In 92 minutes, we see our protagonists encounter:
• Rape jokes
• Racist neighbors
• Urban blight
• A cranky parish priest who doesn’t like “underground nuns who wear bobbed hair and silk stockings”
• Drug abuse
• An abused teenager with speech problems and inner demons
• Threats of rape
• An asocial girl who might be autistic (“Artistic? Nah. She don’t even pick up a crayon” – no autism script is complete without that knee-slapper.)
• An evil loan shark
• A 16-year-old who wants to undress for our leading man #FatefulFindings
• A local grocer who swindles his customers
• The grueling “rage reduction” quack treatment for autism that today would get a doctor busted for assault
• Black power stand-ins who confront the Black nun, “You’re either part of the problem or you’re part of the solution.” “And we’ve got a feeling you’re neither.”

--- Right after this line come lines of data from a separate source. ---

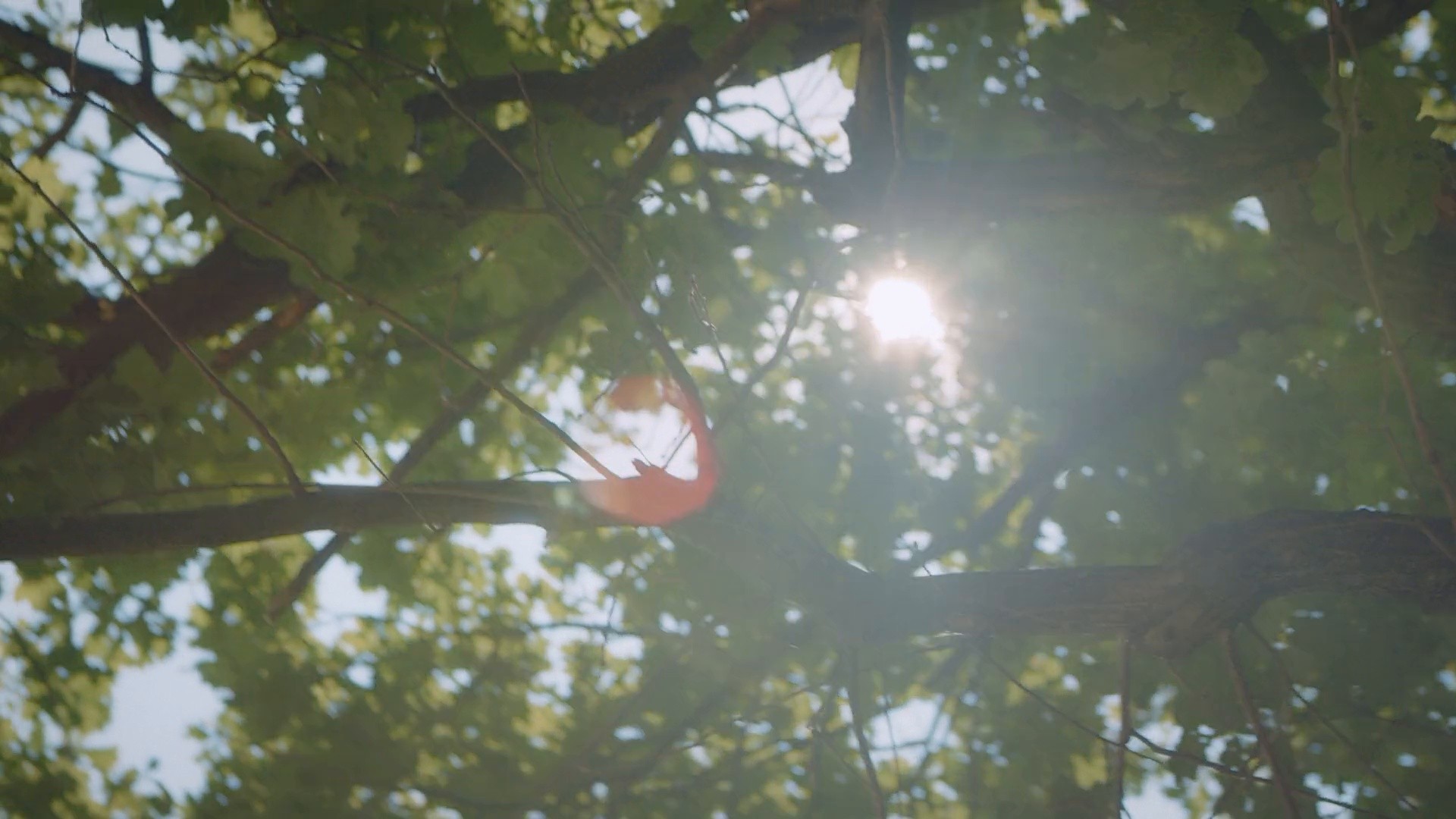 Saugella (2020) —  shot,  lighting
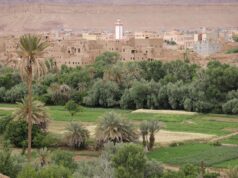 Oasis du Maghreb : les oasis en danger et le développement durable oasis du maghreb en crise, membres de la diaspora agissant pour le développement durable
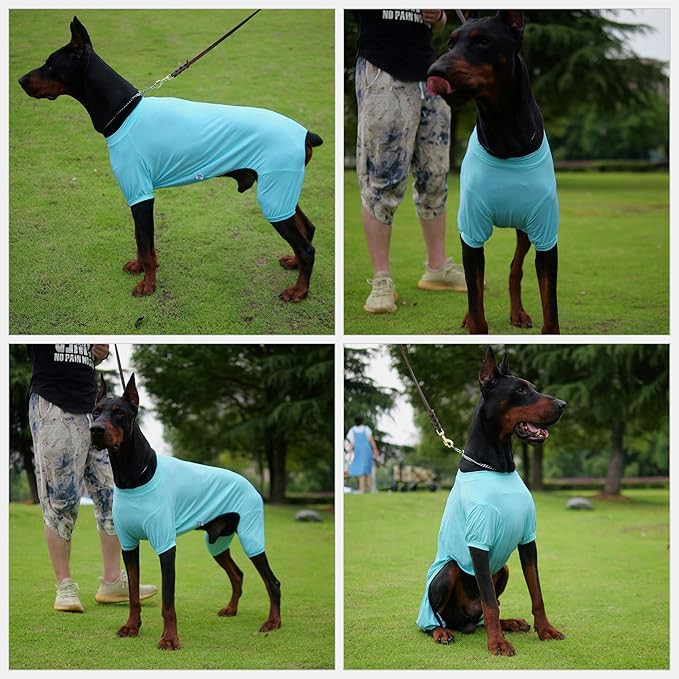 LoveLongLong Dog Jumpsuit with UV Protection and Quick-Dry Fabric for Spring Summer Pet Pajamas Turquoise XS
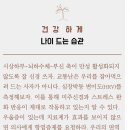 나이스카
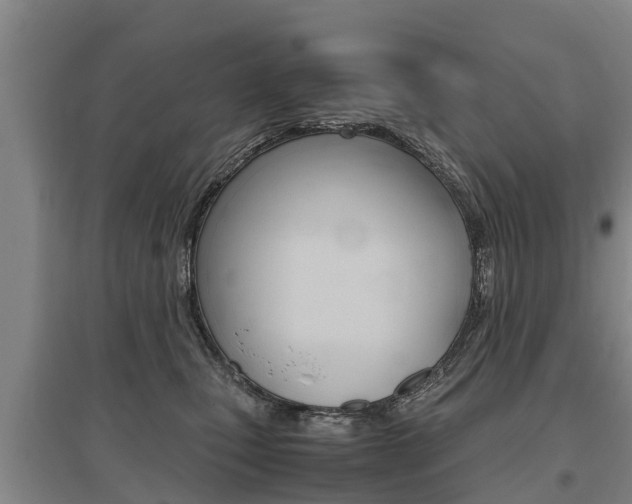 X0000095890471200801110833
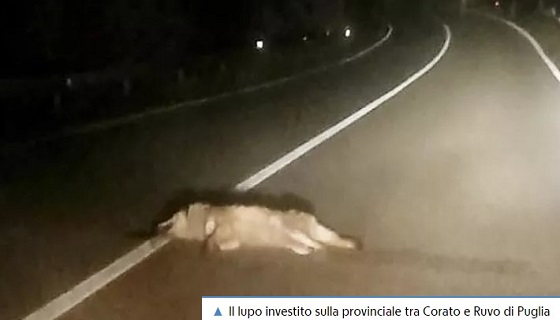 Un lupo investito e ucciso nel Barese, l’allarme del Parco dell’Alta Murgia: “Non è un caso isolato”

• Threats of disfigurement
• A friendly neighborhood game of touch football
• A musical number on a carousel in which Elvis sings about putting on a warm, smiling face. Subtextually, Elvis and Mary are falling for each other. Mary leans out to grab a ring (symbolizing marriage) but she cannot reach it because she is on her own private Jesus-Go-Round. (The autistic girl is a good sport through all of this.)
• Violent henchmen of the loan shark
• Public protests
• A beat cop played by Ed Asner
• Church robberies
• An Elvis fist fight
• An attempted rape
• An Elvis karate fight
• All manner of social issues 1969 had on offer
• An ending that looks largely cobbled together in the editing room
It looked like this would be the serious dramatic acting role Elvis had wanted for years. He took acting lessons. Colonel Parker, however, was none pleased. Director William A. Graham recalls the Colonel saying, “Well listen, Sonny… Let me tell you something. We make these movies for a certain price and they make a certain amount of money, no less and no more… Don't you be goin' for no Oscar, Sonny, because we ain't got no tuxedos.” This ended up being Elvis’ last theatrical film.
What makes it strange? No noticeable act structure. More plot lines than Twin Peaks: The Return. An Elvis movie where we see Elvis perform only three songs. “In the Ghetto” isn’t one of them. You could say it doesn’t hold up, but the movie was actually sick-and-wrong in its own time. Plus, we get to see Ed Asner eat a banana while using the word “vituperative.”